Skip to content
Video Localization: Captions & Spoken-Word

Video Localization: Captions & Spoken-Word

🚧 Expanding

Video localization is how you make video content reach people who don’t share your language or can’t hear the audio. It splits into two broad families: text on screen (captions, which include sound cues like [door slams] for deaf and hard-of-hearing viewers, and subtitles, which assume you can hear but translate the words) and replacing the spoken audio (dubbing or voiceover in another language). It matters for the same two reasons as accessibility and i18n combined — reach and inclusion — and it’s worth knowing because a huge share of people watch video with the sound off regardless of ability.

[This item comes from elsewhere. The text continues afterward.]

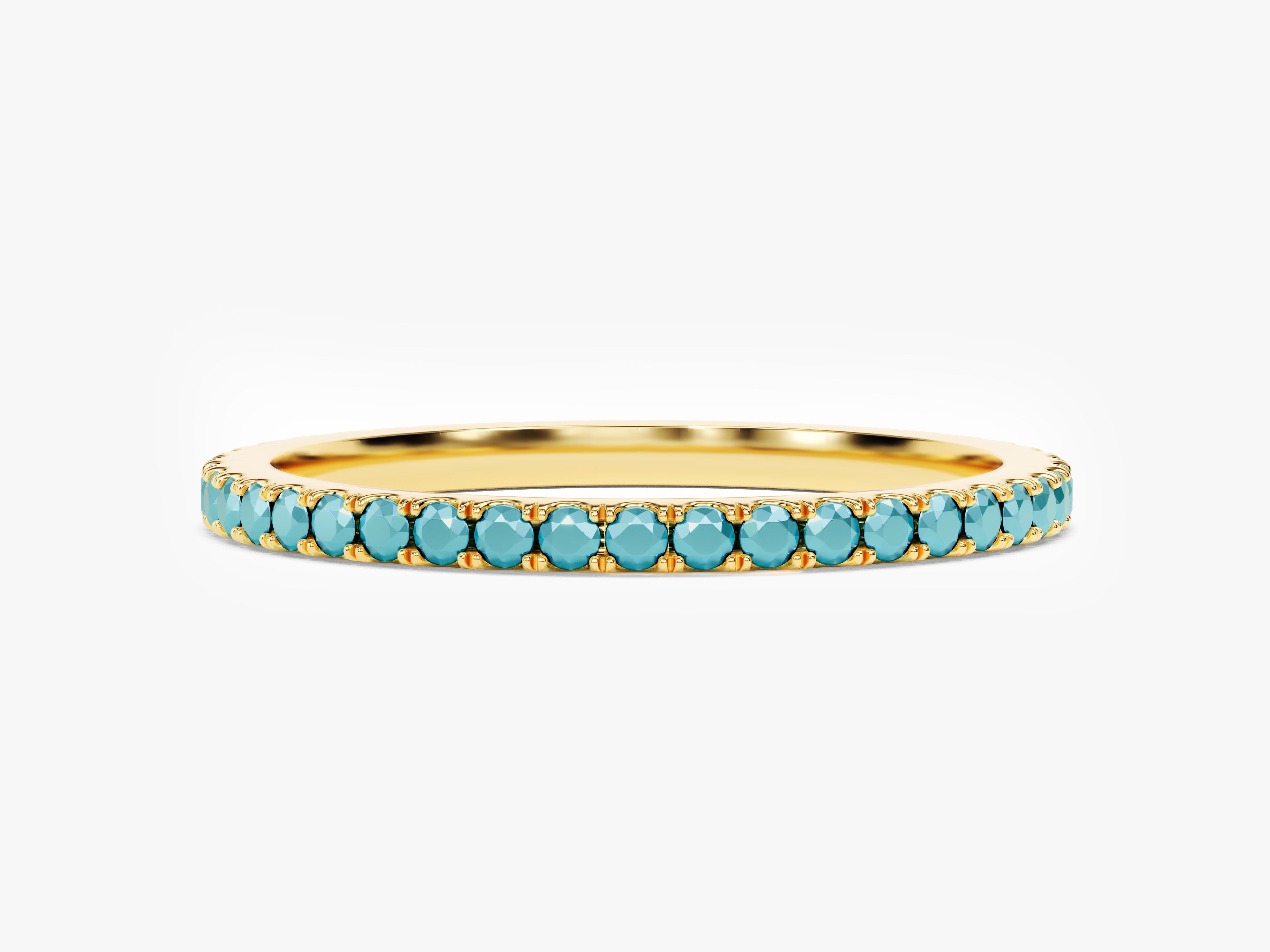 Gold ring with turquoise gemstones, fine jewelry, elegant design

When this page is filled in, it’ll cover the caption-versus-subtitle distinction, the WebVTT format you’ll most often implement on the web, the trade-offs of dubbing versus subtitling (cost, speed, authenticity), open versus closed captions, and the workflow questions — do you translate from a transcript, who reviews quality, how do you sync timing. Until then, the Go Deeper links carry it.

💡
Captions and subtitles are not the same thing, and treating them as one is the classic mistake. Captions assume the viewer can’t hear, so they include speaker labels and non-speech sounds; subtitles assume you can hear but don’t understand the language. If you’re building for accessibility, you need captions — translated subtitles alone leave deaf viewers without the doorbell, the laughter, or the ominous music cue.